The Global Mobile Suppliers Association (GSA) is tipping NB-IoT – one of several variants of 3GPP cellular standards developed for IoT and M2M applications – to become the dominant cellular technology for IoT applications, with 20 commercial networks in operation by 2020.
The GSA has published a white paper The Evolution to Narrow Band Internet of Things (available to registered users from gsa.com), saying: “NB-IoT will become one of the dominant 3GPP technologies to enable [IoT] market growth and will impact most, if not all, companies and markets over the next 10 to 15 years.”
It says a growing number of companies are actively working on IoT use cases in a range of verticals and anticipates the market to grow rapidly over the next five years based on several 3GPP technologies: enhancements for Machine Type Communications (eMTC), Narrow Band IoT (NB-IoT) and EC-GSM-IoT, which in combination with Power Saving Mode (PSM) and Extended Discontinuous Reception (e-DRX) makes GSM/EDGE markets prepared for IoT.

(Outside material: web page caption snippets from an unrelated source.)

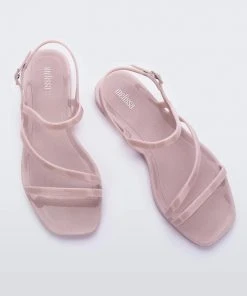 Adult Melissa Essential Classy Sandal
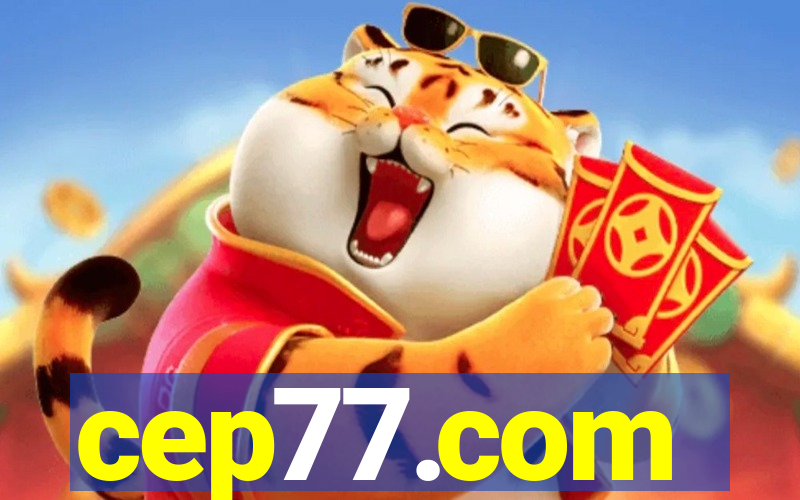 cep77.com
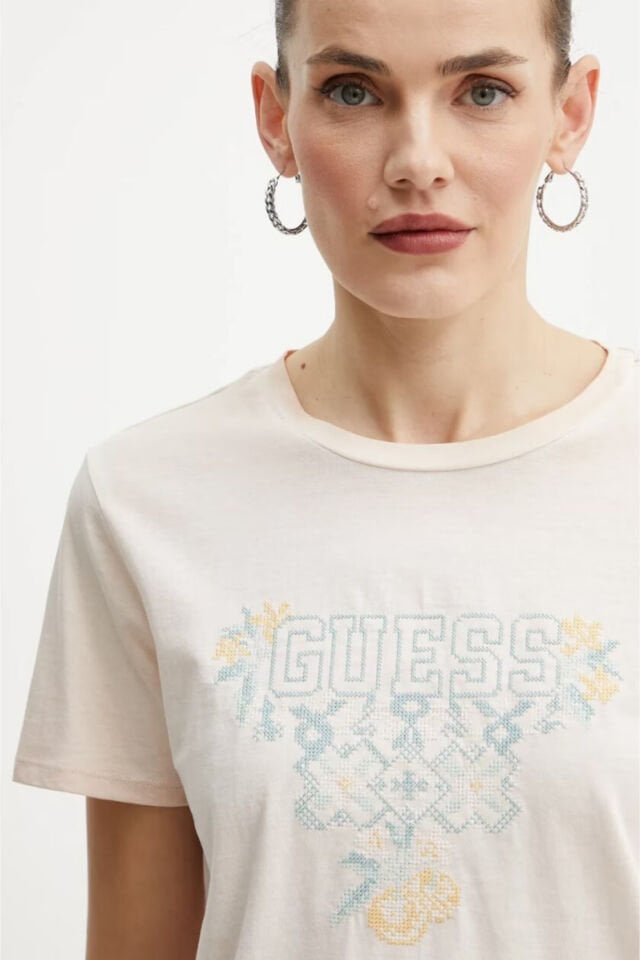 Guess Kadın Tişörtü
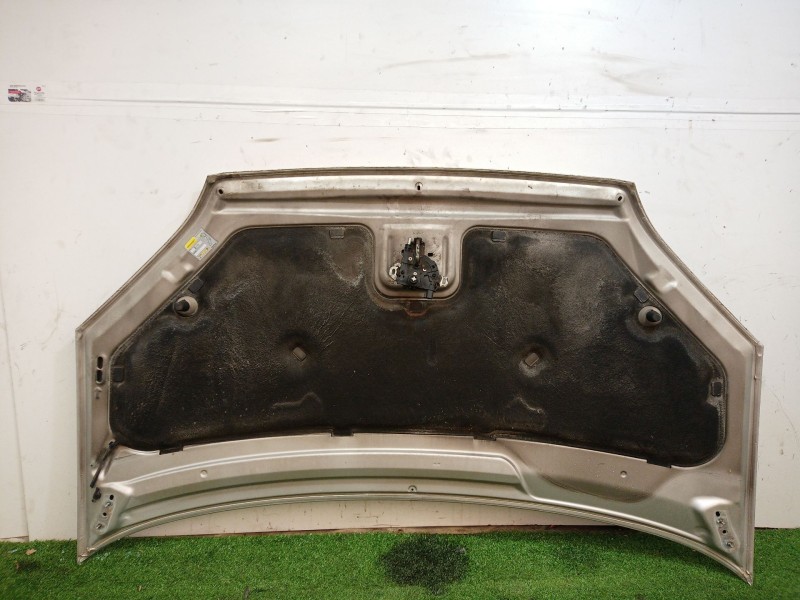 Recambio de capot para ford focus c-max (cap) 1.8 tdci turbodiesel cat referencia OEM IAM   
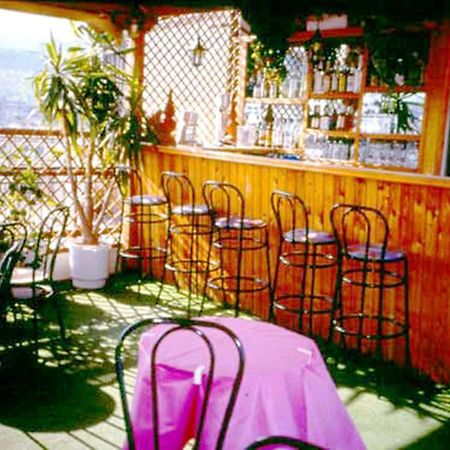 Filoxenia Hotel Athen Eksteriør billede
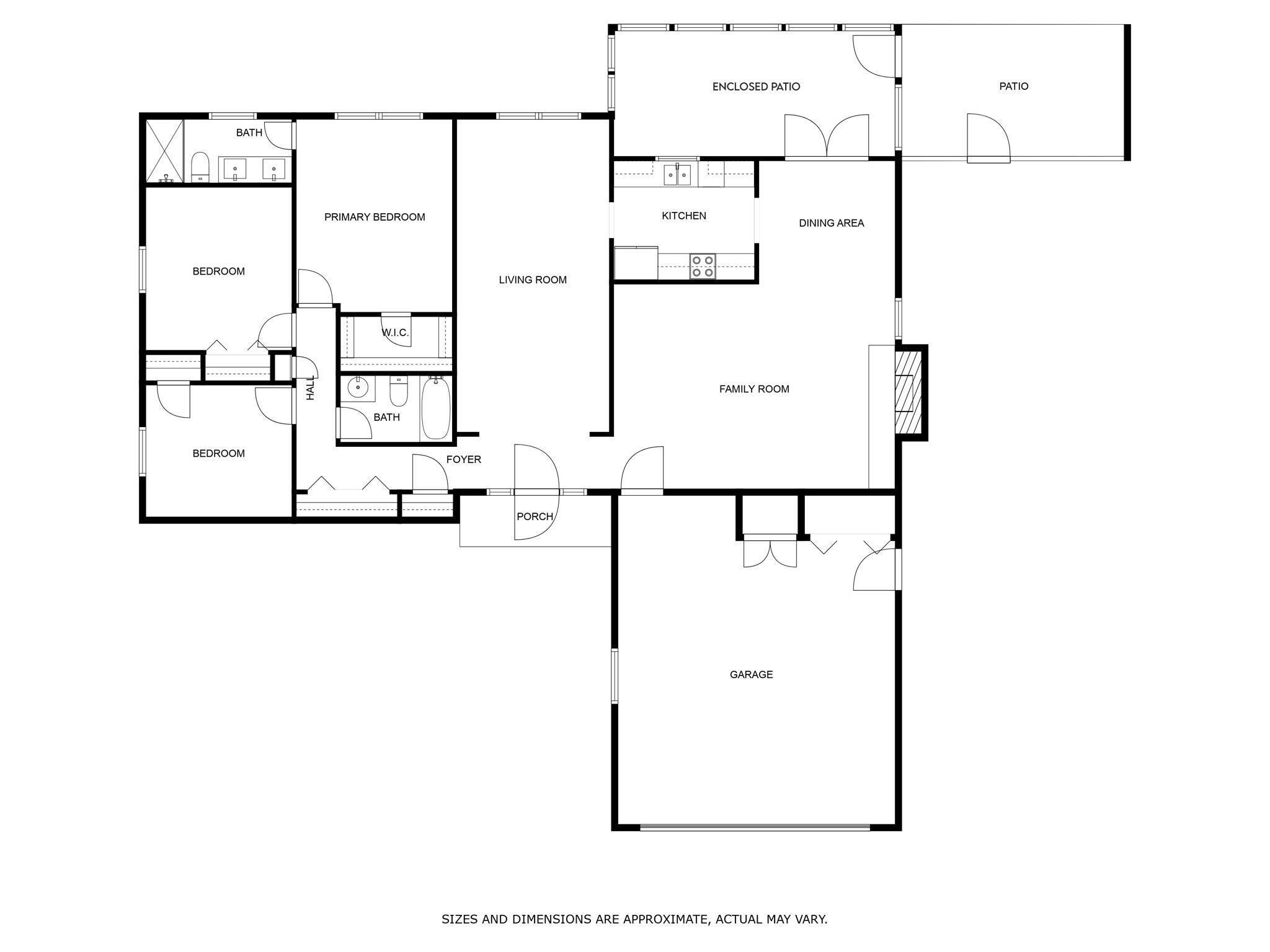 SPRING LAKE #2 - Residential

It notes that NB-IoT is being very actively promoted by the GSM Assocation (GSMA) which created the NB-IoT Forum in November 2015 and which now has an extensive membership: ARM, Bell Mobility, China Mobile, China Telecom, China Unicom, Deutsche Telekom, Etisalat, Ericsson, Huawei, Intel Corporation, KDDI Corporation, KT Corporation, LG Electronics, MediaTek, Mobileum, Nokia, NOS, NTT DOCOMO, Oberthur Technologies, Qualcomm, Sequans Communications, Safaricom, Sierra Wireless, SK Telecom, TDC A/S, Telecom Italia, Telefónica, Telit, Telstra, Turk Telekom, Two Degrees Mobile, u-blox, Verizon Wireless, Vodafone and ZTE Corporation.
NB-IoT is part of 3GPP Release-13. The Release was frozen in March 2016 although the finalisation of NB-IoT has been extended due to the workload and should be completed later this month following the plenary meeting during the week of 13th June.
The white details numerous trials of NB-IoT underway around the world, suggests a number of initial use cases and provides a list of manufacturers producing NB-IoT chips, devices and modules.